In Tomaino, the Rhode Island Supreme Court considered the fiduciary duties owed in and amongst the shareholders of a Massachusetts closely held corporation. 709 A.2d at 1020. Both Massachusetts and Rhode Island interpret the fiduciary duties of "[s]hareholders in a closely held corporation, who often also act as that corporation's directors and officers, . . . [to be] the same fiduciary duties as partners owe to one another." Id. at 1021 (citing Zimmerman v. Bogoff, 524 N.E.2d 849, 853 (1988);Wilkes v. Springside Nursing Home, Inc., 353 N.E.2d 657, 661 (1976) (quoting Donahue v. Rodd Electrotype Co. of New England, Inc., 328 N.E.2d 505, 515 (1975), explaining that duty to be one of "'utmost good faith and loyalty.'")); see also Texiera, 699 A.2d at 1387 (recognizing that "shareholders in a closely held family corporation may have a fiduciary duty toward one another" in a way that is similar to a partnership). It is here, in this long string cite of Massachusetts law that the adjective 'utmost' is used to modify the fiduciary duties. As such, this statement is not binding because it interprets Massachusetts law that was not explicitly adopted by the Court.

Our Supreme Court used the word 'utmost' again in DiLuglio v. Providence Auto Body, Inc., but only in a footnote, not in the holding. 755 A.2d 757 (R.I. 2000). DiLuglio involved a suit by a minority shareholder who was also an attorney for the same corporation. Id. at 770. The DiLulgio Court found that an attorney who enters into business deals with his client must adhere to both fiduciary duties and the rules of professional responsibility. Id. Footnote fourteen defines these fiduciary duties as "the duty of utmost good faith and loyalty," again citing only to Tomaino.Id. at 771, n. 14. This definition was not essential to the Court's finding that the attorney should have advised his client and business partner "in writing to obtain independent legal counsel" regarding business transactions and further "should have obtained written consent before consummating these transactions."Id. at 771. This holding was grounded in the rules of professional conduct and not in the fiduciary duties described in footnote fourteen; thus, the heightened standard in footnote fourteen is dicta.

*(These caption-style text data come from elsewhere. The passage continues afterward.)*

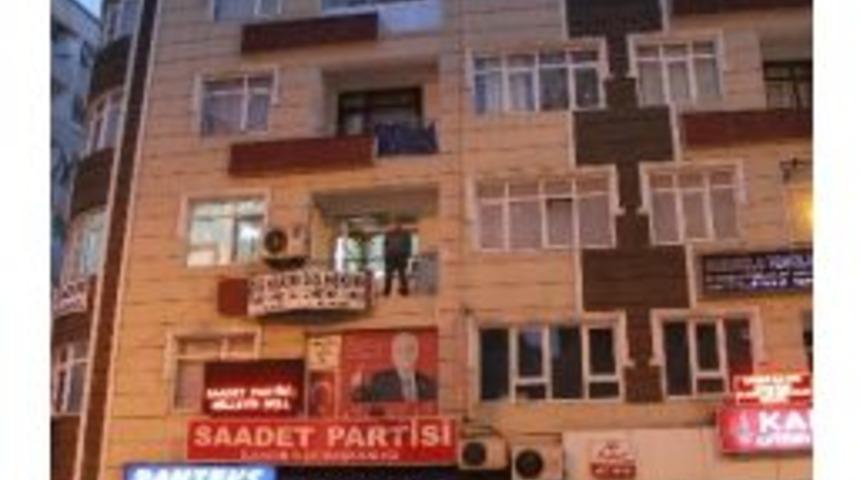 Evini Yakıp Kendini Bı&ccedil;akla Yaralayan Kadın Hastaneden Ka&ccedil;tı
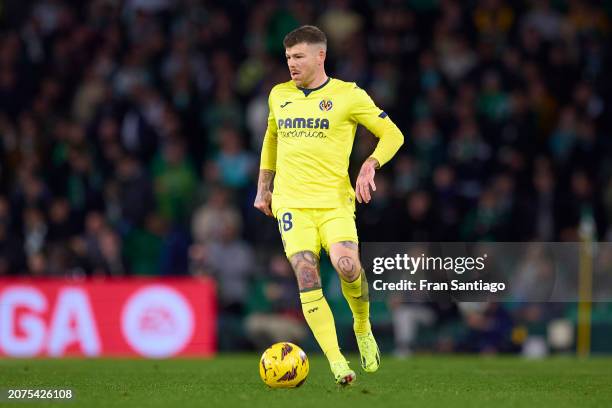 Alberto Moreno of Villarreal CF in action during the LaLiga EA Sports match between Real Betis and Villarreal CF at Estadio Benito Villamarin on...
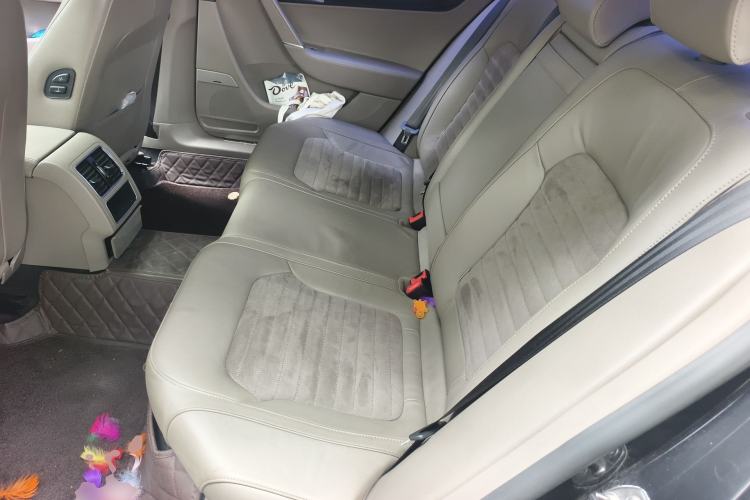 Used Volkswagen Magotan 2013 1.8TSI Luxury Model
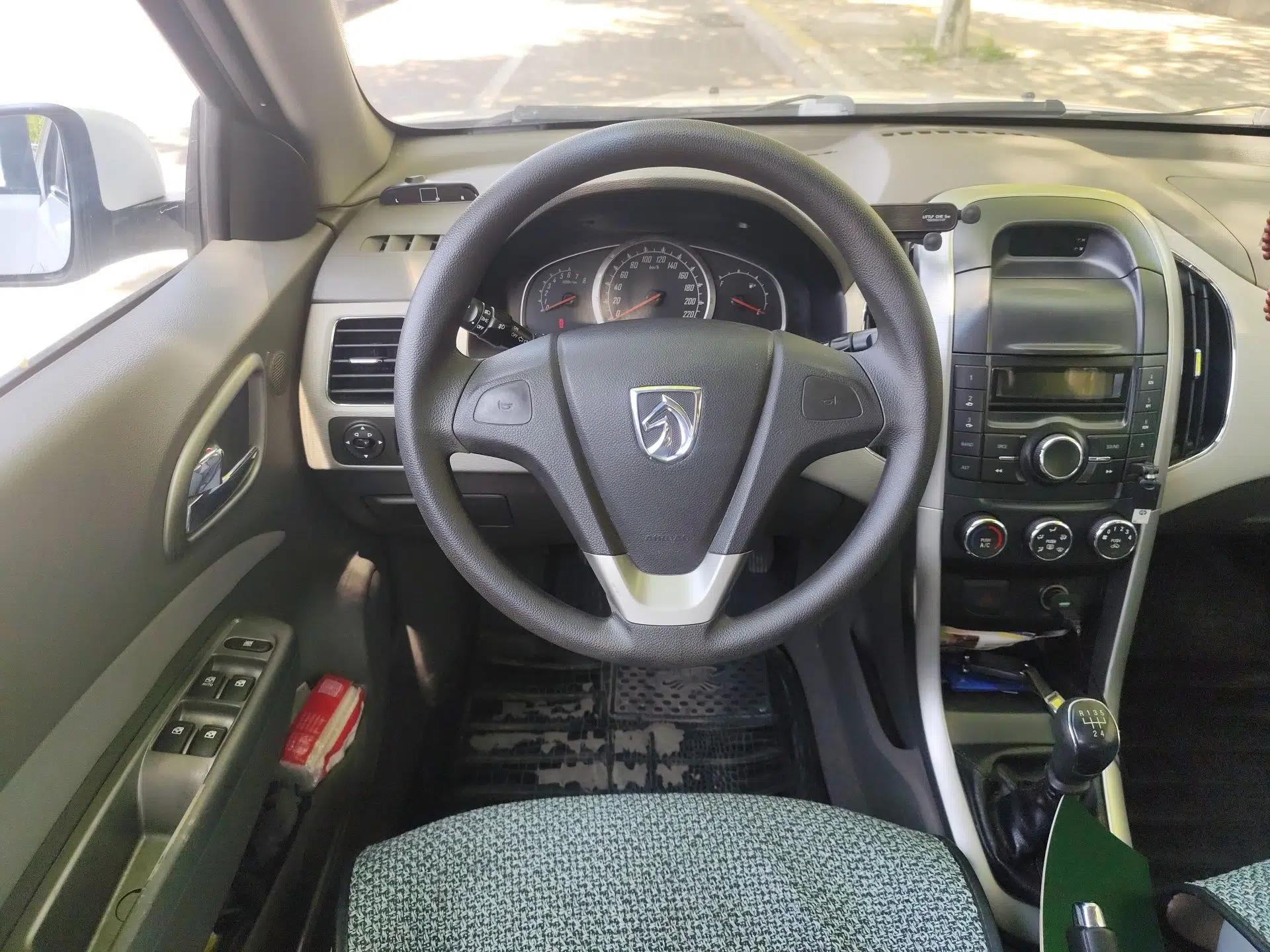 Baojun 630 2011 1.5L manual Comfort trim level — миниатюра 11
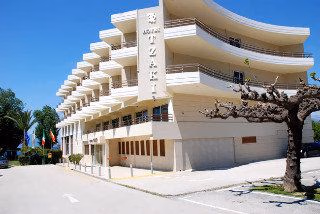 Tzaki Hotel0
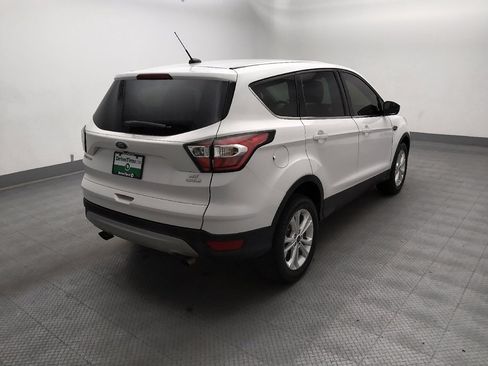 Used 2017 Ford Escape SE FWD image 9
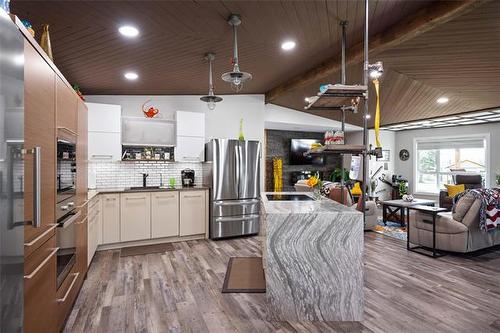 42008 94 North Rd, Gull Lake, MB 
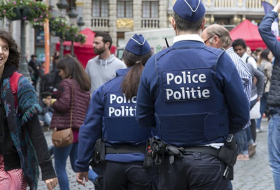 Messerangriff auf Polizisten in Brüssel: Identität des Täters festgestellt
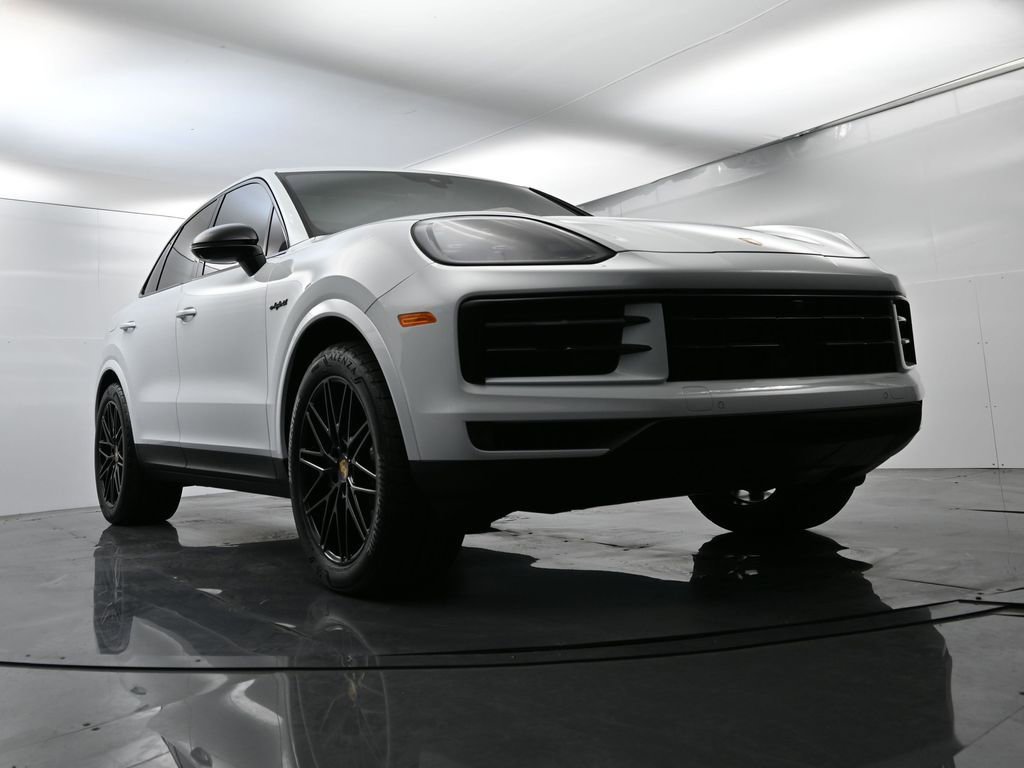 Certified 2024 Porsche Cayenne AWD/4WD image 56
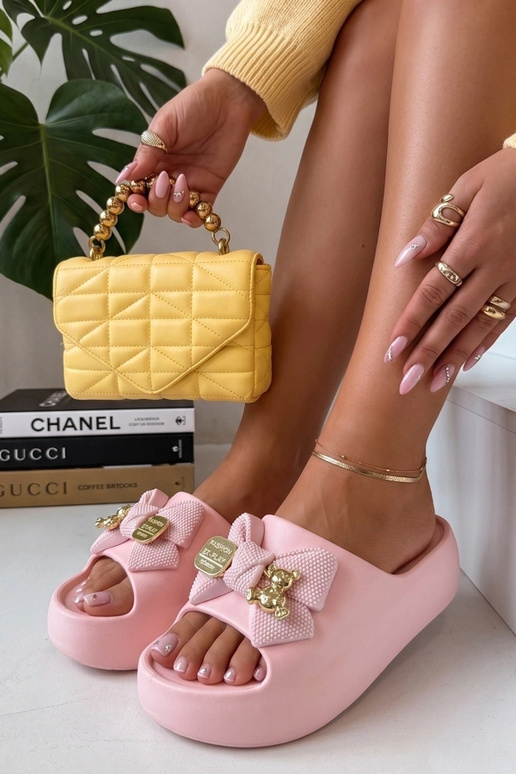 Chinelos de plataforma rosa com fita...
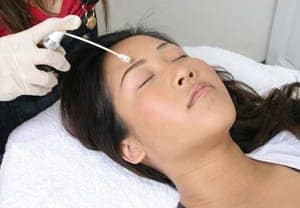  Khử trùng dụng cụ phun xăm và thoa tê 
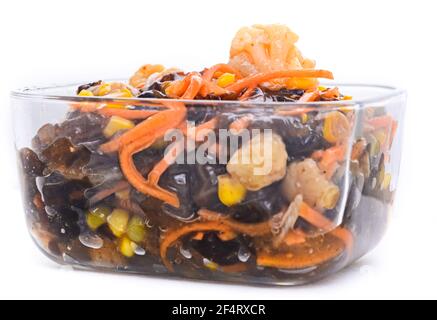 Salade de légumes rôtis et marinés avec câpres et olives un bol en verre Banque D'Images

This Court finds that the use of the adjective 'utmost' to modify fiduciary duties is not binding Rhode Island law. The Court fully recognizes that another trial justice of this court construed the duty in this manner. Under the troubling set of facts found by the court in Marsh the imposition of such a duty was warranted. However, as there is an absence of statutes and controlling case law which contains the same description, this Court will adhere to the standards as described in the relevant statutes.See § 7-12-32; § 7-16-17.

The dissent in Texiera cited the same Massachusetts case as Tomaino. 699 A.2d at 1389 (citing Donahue v. Rodd Electrotype Co. of New England, Inc., 367 Mass. 578, 592, 328 N.E.2d 505, 515 (1975)).

In deciding whether Reed initially sustained her burden of proof on her claim that Sweeney and Platz violated their respective fiduciary duty of good faith and fair dealing relative to Reed and to Gertrude's Galley, the analysis of the events must be viewed before and after June 2004.

In § 6.8 of their Agreement, the parties agreed, in writing, that Sweeney, as manager, was required to discharge his duties in good faith with the care that an ordinarily prudent person in a similar position would use under the circumstances and in the best interests of the limited liability company. (Def.'s Ex. A.) The Agreement also gave Sweeney, as "Original Manager" the limited authority to bind the other members of the LLC. Section 7-16-20 provides that "the act of every manager . . . binds the limited liability company unless" the act is contrary to the articles of organization of the LLC or contrary to the terms of the Act. Thus, Gertrude's Galley was bound by any management decision that Sweeney made, with or without the consent of the other members, so long as he did not violate any fiduciary duties. See § 7-16-17.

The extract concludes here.